Which lines of the records contain the word "with"? Show each of them.

**Dataset**

┏━━

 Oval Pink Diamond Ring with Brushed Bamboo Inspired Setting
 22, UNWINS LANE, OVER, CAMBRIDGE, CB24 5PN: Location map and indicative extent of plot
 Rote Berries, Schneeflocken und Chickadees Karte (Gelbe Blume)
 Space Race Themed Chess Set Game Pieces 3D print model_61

┗━━
┏━━

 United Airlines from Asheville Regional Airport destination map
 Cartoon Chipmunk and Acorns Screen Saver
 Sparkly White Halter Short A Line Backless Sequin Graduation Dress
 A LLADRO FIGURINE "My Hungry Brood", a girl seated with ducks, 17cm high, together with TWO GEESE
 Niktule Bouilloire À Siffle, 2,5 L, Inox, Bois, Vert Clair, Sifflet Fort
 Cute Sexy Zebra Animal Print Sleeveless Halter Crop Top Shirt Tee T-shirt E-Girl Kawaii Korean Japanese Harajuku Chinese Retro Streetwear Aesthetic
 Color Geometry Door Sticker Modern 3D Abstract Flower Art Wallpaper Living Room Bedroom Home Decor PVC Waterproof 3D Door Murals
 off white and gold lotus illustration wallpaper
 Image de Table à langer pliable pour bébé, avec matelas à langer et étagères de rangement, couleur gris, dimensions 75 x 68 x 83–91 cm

┗━━

**Written response**
 Oval Pink Diamond Ring with Brushed Bamboo Inspired Setting
 A LLADRO FIGURINE "My Hungry Brood", a girl seated with ducks, 17cm high, together with TWO GEESE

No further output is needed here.